2nd wave : professional AI

According to Kai Fu Lee, this is the only field where the US domination is unquestionable. All the labeled data accumulated over the years in the insurance, banking and hospital sectors will allow algorithms to make particularly effective optimizations.
“As early as 2004, companies (Palantir – IBM) were advising companies and governments on big data”. The author sees a great evolution in China for the medical field, the algorithms would establish the dignostic which in the country would decrease the inequalities between big cities well equipped and countryside under equipped in this sector; similarly in the judicial sector to guide the magistrates, to pronounce the verdict and “to contribute to put in the right way the customary judges. At this stage, the US is in the lead (90/10) thanks to optimizations in banking and insurance among others. China will be in the lead within 5 years (70/30) by taking the lead especially in services.

 

3rd wave : perceptive AI

The digitization of the physical world will be implemented in the commercial sectors as a priority: it is necessary to rethink all human activity, to recognize objects, voice and sound data.

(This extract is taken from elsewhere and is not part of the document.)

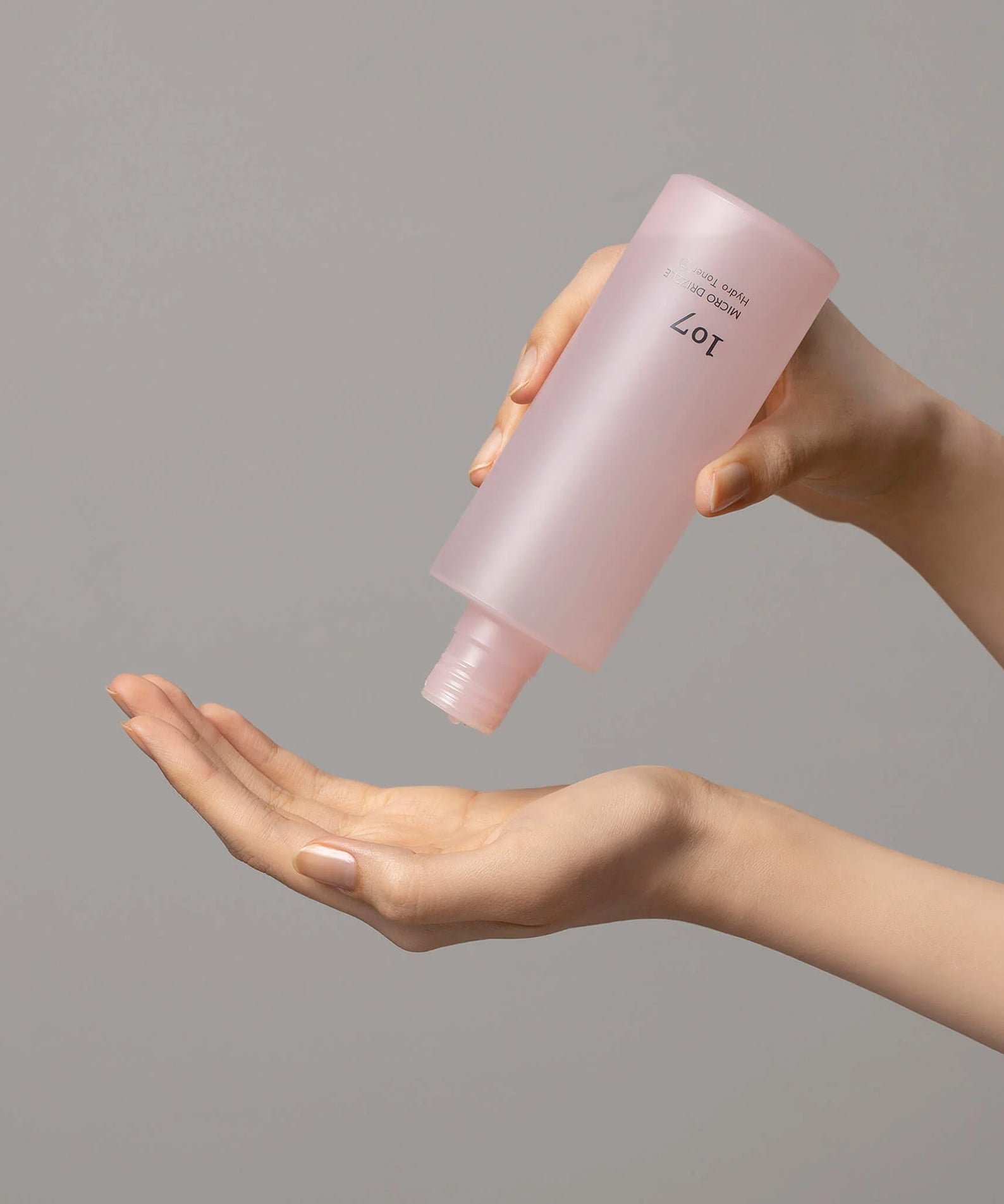 107 Micro Drizzle Hydro Toner 155ml versé dans la main, révélant sa texture hydratante.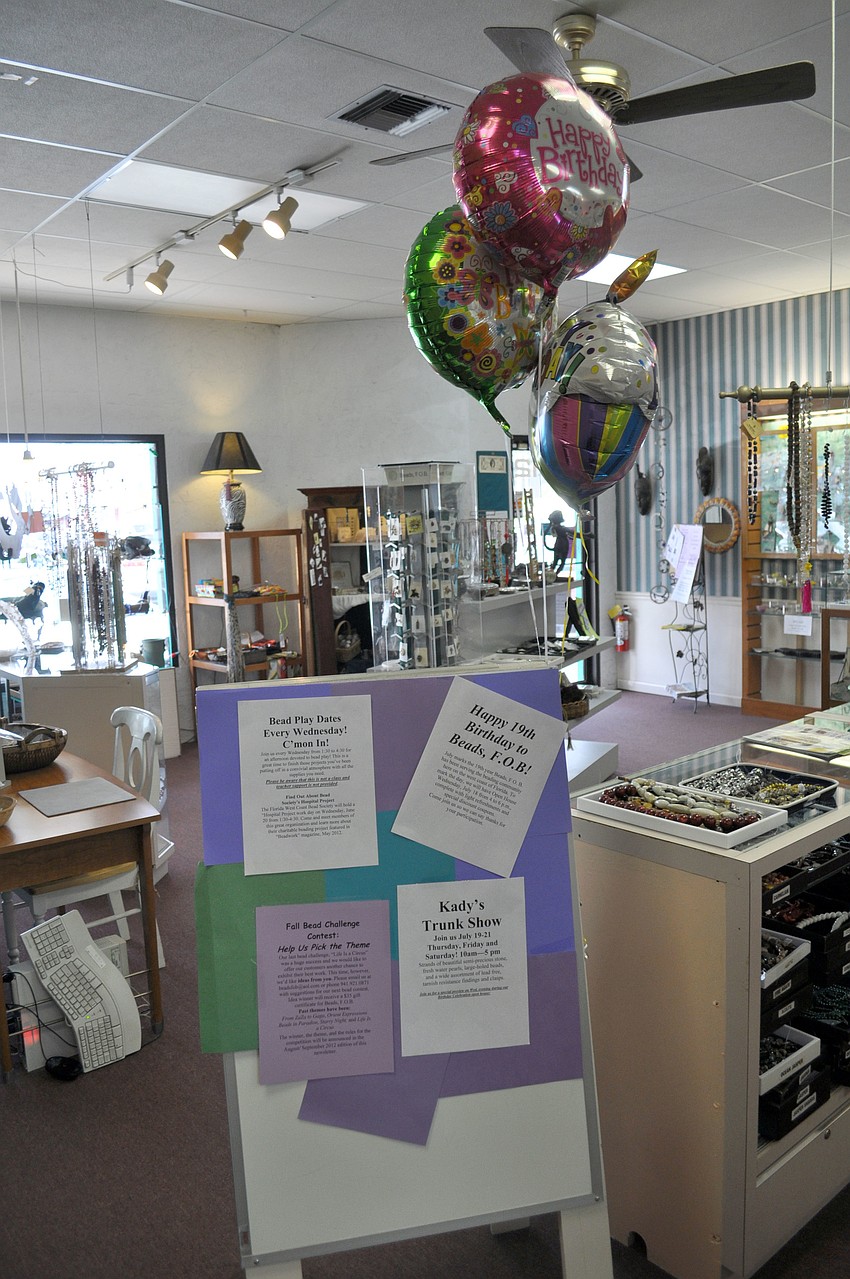 A poster board and balloons decorated the store for the occasion.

The author warns that algorithms “will perform the bulk of interactions with the customer” and gives Exemples: Amazon Echo that digitizes the sound environment of the home, the city brain of Alibaba that digitizes the flow of traffic or Apple and Face ID cameras that do the same with the faces. In 2017, during the 1st visit of Trump in China, his speech in English on large screen began to speak Chinese. The AI is transforming the world. The Chinese company Yflytech had specialized in the field of AI to train its algorithms, respecting all the characteristics of the voice: intonation, pronunciation, all recalibrated in Mandarin. In the next few years, cities and supermarkets will be transformed, the author already cites KFC, associated with Alipay, which has installed in some of its restaurants a system that allows facial recognition, with a terminal recording the order, scanning the face, ensuring the presence of the person in the premises and debiting his account.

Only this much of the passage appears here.